Even though the combined group of continuous variables were weighted significantly toward to the target variable (`0.8`), there were still three categorical variables that were able to be recognized by the screener as being informationally-related to the target variable. Can you find them in the above results?

In [17]:
categorical_mask = ['categorical' in var_name for var_name in uni_screen_extreme_results.Variable]
uni_screen_extreme_results.loc[categorical_mask].head(10)

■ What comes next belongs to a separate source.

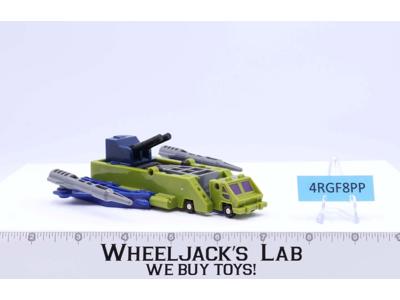 Roughstuff Micromaster 100% Complete 1989 Vintage G1 Transformers Action Figure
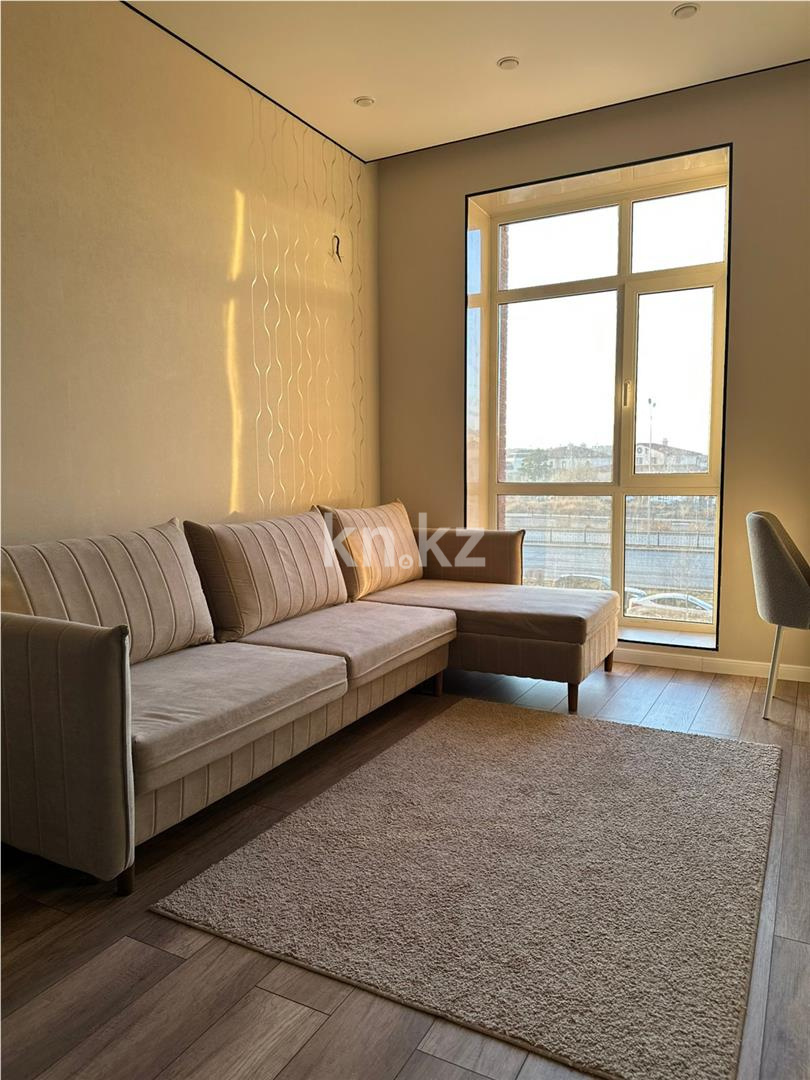 Продажа 2-комнатной квартиры, 35.7 м², ул. А-52 - Продажа  двухкомнатных квартир в новостройках Астаны фото 13 из 17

Unnamed: 0,Variable,mutual_information,Solo p-value,Unbiased p-value,P(<=median)
16,categorical_98,0.0074,0.001,0.001,0.0
22,categorical_99,0.0054,0.001,0.001,0.0
32,categorical_97,0.0043,0.001,0.001,0.0
88,categorical_37,0.0002,0.001,0.018,0.6
89,categorical_36,0.0002,0.001,0.025,0.45
90,categorical_88,0.0002,0.001,0.031,0.55
93,categorical_68,0.0002,0.001,0.047,0.5
95,categorical_3,0.0002,0.001,0.121,0.7
98,categorical_13,0.0002,0.002,0.13,0.8
99,categorical_8,0.0002,0.002,0.13,0.85


The index of the resulting DataFrame displays the importance ordering of the variables in relation to the target variable in the synthetic data set. As you can see, the top three categorical variables, while not have incredibly high mutual information values, do have much higher values than the rest of their categorical variable peers.

## Conclusion

The `Nominal2OrdinalEncoder` appears to be a viable method for numerically encoding categorical variables for use in exploratory data analysis and predictive modeling activities.